As a young man of twenty, he joined the Church of Jesus Christ of Latter-Day Saints, in
1842. He and his brother Ephraim Myres
Lindsay both married Latter-Day Saint girls in Nauvoo, Illinois
in 1845. William Buckminster Lindsay, Jr. Married Julia Parks on the 19th of February,
1845. She was born on the 22nd of February, 1824 at Livonia, Livingston, New York, the
daughter of William Parks and Fannie Hyde. The following excerpt from Julia's
autobiography describes their circumstances in Nauvoo:
"Shortly after I arrived in Nauvoo, I found plenty of work, so accordingly I
stayed and in time became acquainted with a very respectable young man by the name of
William Buckminster Lindsay, Jr., and on February 19, 1845 we were married. In the spring
he went back to his Father's place in Wisconsin, as he thought he could do better there
and wished me to go with him, but I did not feel willing to go away from the main body of
the church. I was willing to do the best I could until he returned as there was not much
work to be had in Nauvoo, and we had to prepare to leave.

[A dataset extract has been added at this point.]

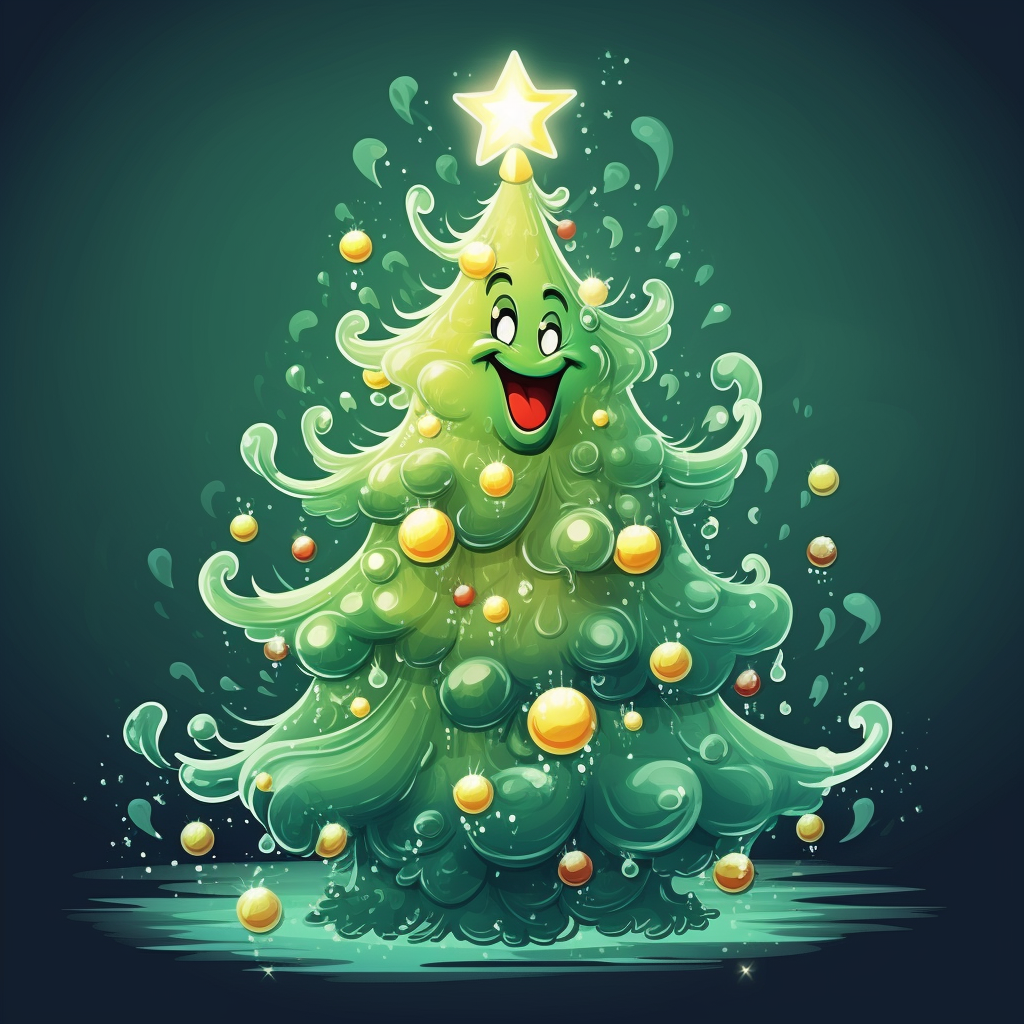 Cartoon Christmas tree illustration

"As there was considerable excitement we expected the saints would have to find a
home in some other land, and it would require considerable means to prepare for the
journey. Accordingly he left and returned sometime in June, I think. The following winter
the mob was continually hunting for some of our brethren and the saints began to prepare
to start to the Rocky Mountains.
"In February 1846 there was a company fitted up and crossed the Mississippi in the
cold bleak winter. My husband was called to go as one of the guards and my sister Fannie and I were left and
lived together until there was another company about ready to start. I had the opportunity
of going with my brother-in-law. I felt very anxious to go for I had heard that my husband
was quite sick with the measles and I knew that he would be exposed to the cold and would
not have much to comfort him and although I felt very loath to leave my dear sister, yet I
felt it a duty to go.
"I started, but it being a very rainy spring, the roads were very bad, and I had
traveled a whole week and never got into the wagon to ride, and some days we would only go
two miles. I did not overtake my husband until I got to Garden Grove, and he was just
getting so that he could work a little.
"When we got as far as Pisga, we found quite a number of the saints camped and as
our teams needed rest we thought it would be best to stop there. We made ourselves as
comfortable as circumstances would permit. The brethren cleared off a small piece of
ground and put in quite a garden and in the course of six weeks we had plenty of garden to
eat, which was a great blessing for we had been without all summer.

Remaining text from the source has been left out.